Putin has imposed an unprecedented post-Soviet clampdown on criticism and dissent inside Russia as the Ukrainian invasion has run into fierce Ukrainian resistance, and the international community has imposed massive financial, trade, travel, and diplomatic punishments.
Ukraine’s military General Staff said early on March 27 that Russia’s “full-scale armed aggression” was continuing.
And Ukrainian President Volodymyr Zelenskiy urged NATO to provide his country with “just 1 percent” of its arms and questioned whether the alliance was intimidated by Russia.
“We’ve already been waiting 31 days,” said a visibly frustrated Zelenskiy, who has issued regular video addresses from Kyiv throughout the fighting.
An adviser to the Ukrainian Interior Ministry, Vadym Denysenko, said on March 27 that Russia had begun destroying Ukrainian fuel- and food-storage facilities.
The Ukrainian government will have to disperse such stockpiles as a result, he said.
He also said that Russia was bringing troops to the Ukrainian border on rotation, suggesting Moscow could be planning new offensives to advance its invasion.
Britain’s Defense Ministry said in an assessment released early on March 27 that Russian forces advancing southward from the Kharkiv area and northward from Mariupol appeared to be trying to surround Ukrainian forces in the eastern part of the country.
Some swaths of that region — known as the Donbas — have been in the hands of separatists since 2014, when Russia invaded and annexed Crimea and the armed separatists seized control of some regional administration facilities.
The British intelligence analysis said Ukrainian counterattacks in northern Ukraine left those battlefields “largely static.”

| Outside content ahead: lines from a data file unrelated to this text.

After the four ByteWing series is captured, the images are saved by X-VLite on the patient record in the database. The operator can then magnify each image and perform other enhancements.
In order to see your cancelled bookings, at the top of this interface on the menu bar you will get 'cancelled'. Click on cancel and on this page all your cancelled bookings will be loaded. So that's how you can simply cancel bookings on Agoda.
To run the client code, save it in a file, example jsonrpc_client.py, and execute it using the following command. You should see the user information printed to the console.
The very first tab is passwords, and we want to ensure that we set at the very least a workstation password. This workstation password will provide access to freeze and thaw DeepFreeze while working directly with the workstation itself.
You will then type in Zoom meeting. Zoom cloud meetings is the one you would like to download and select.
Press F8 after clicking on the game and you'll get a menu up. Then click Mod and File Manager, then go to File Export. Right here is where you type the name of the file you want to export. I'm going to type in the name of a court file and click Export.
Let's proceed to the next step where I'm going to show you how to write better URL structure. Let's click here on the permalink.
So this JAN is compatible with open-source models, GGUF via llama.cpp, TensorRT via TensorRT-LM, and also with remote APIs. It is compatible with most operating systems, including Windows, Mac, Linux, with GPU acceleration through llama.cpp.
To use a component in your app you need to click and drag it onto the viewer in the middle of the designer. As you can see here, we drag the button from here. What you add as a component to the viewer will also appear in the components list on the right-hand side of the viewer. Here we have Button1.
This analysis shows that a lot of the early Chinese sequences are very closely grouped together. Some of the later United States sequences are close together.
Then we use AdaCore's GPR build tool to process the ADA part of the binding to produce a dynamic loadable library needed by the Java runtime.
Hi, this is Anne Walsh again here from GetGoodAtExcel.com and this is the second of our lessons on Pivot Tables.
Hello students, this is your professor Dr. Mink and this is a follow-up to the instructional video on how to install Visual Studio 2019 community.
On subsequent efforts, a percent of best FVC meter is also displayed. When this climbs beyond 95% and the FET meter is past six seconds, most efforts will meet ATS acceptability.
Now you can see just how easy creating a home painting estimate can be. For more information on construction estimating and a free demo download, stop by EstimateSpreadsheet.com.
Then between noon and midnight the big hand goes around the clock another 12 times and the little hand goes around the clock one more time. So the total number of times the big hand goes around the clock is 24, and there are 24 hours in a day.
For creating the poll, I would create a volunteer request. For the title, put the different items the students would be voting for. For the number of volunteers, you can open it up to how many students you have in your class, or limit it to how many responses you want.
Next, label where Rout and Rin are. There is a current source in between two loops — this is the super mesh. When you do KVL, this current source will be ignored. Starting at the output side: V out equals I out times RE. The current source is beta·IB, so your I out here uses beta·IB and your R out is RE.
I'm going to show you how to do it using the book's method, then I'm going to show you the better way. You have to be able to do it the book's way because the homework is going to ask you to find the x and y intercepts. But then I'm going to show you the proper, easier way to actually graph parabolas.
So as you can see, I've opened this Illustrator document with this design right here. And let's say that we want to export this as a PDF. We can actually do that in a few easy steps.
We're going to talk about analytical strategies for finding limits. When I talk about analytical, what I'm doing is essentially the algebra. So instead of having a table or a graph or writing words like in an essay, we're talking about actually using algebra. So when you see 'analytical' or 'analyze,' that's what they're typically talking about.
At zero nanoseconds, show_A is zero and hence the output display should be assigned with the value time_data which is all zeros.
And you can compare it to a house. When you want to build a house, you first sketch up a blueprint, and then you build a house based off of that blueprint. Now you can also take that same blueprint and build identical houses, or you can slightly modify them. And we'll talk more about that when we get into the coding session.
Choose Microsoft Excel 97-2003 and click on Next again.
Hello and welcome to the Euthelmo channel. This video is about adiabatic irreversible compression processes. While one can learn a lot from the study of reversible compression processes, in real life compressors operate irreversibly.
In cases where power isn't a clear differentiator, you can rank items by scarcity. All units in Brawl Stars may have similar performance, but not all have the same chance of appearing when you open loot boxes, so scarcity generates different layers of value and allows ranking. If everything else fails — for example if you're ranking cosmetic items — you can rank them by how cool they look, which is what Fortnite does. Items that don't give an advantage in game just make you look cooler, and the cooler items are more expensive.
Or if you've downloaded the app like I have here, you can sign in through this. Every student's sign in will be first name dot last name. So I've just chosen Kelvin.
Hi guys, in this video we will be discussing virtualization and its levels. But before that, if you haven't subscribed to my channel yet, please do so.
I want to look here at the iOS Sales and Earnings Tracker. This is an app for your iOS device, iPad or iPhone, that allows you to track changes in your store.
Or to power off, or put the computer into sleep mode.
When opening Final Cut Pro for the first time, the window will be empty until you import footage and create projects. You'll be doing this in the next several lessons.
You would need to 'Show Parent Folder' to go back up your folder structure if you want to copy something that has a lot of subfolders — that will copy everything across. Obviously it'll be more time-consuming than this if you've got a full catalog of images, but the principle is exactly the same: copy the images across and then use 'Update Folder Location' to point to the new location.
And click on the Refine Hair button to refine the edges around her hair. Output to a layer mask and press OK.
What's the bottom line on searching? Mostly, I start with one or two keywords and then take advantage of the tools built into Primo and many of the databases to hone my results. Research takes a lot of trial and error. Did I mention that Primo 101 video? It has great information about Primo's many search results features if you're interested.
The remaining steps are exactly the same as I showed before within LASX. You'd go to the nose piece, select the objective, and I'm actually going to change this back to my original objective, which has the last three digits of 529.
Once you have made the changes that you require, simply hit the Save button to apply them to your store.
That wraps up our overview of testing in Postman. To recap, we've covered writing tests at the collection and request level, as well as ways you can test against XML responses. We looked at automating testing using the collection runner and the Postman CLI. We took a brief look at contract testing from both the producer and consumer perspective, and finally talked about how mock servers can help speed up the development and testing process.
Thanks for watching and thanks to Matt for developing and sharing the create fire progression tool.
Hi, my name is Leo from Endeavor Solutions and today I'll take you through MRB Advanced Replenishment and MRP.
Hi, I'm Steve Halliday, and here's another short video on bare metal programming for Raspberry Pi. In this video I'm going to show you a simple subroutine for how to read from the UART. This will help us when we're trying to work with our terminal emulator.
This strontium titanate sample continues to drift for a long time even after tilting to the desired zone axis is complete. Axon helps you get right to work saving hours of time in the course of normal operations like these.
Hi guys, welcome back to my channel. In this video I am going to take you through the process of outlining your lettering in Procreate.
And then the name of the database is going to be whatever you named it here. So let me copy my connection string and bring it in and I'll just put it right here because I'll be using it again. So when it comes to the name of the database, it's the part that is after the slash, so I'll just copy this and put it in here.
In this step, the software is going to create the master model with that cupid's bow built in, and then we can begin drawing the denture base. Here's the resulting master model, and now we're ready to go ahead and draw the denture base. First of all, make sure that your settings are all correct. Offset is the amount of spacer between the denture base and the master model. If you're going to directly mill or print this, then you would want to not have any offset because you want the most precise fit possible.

It said Russia was relying heavily on “stand-off” missiles launched from Russian territory to reduce risk to its own forces. The British warned that limited stocks of such weapons could prompt Russian planners to “revert to less sophisticated missiles or [accept] more risk to their aircraft.”
Western intelligence has warned that Russian forces involved in the largely stalled offensive have grown more reliant on indiscriminate bombing instead of major ground operations, in a shift that could result in more Ukrainian civilian deaths.
Efforts to evacuate civilian populations have continued and Ukrainian forces have reported counteroffensives to push back Russian troops in some southern areas, in particular.
Nearly 4 million Ukrainians have fled the country since the invasion began on February 24, around half of them to Poland, and many more are displaced.
Yuriy Fomichev, the mayor of Slavutych, near the closed Chernobyl nuclear power plant in northern Ukraine, announced on March 26 that that city had been occupied by Russian troops after its defenses were overcome.
In the besieged northern city of Chernihiv, local officials and residents expressed fears that the Russian blockade and bombing from long distance risked making them the “next Mariupol.”
A resident told AP from a dying mobile phone that the city was without power, running water, or heating, and medicines were running out daily.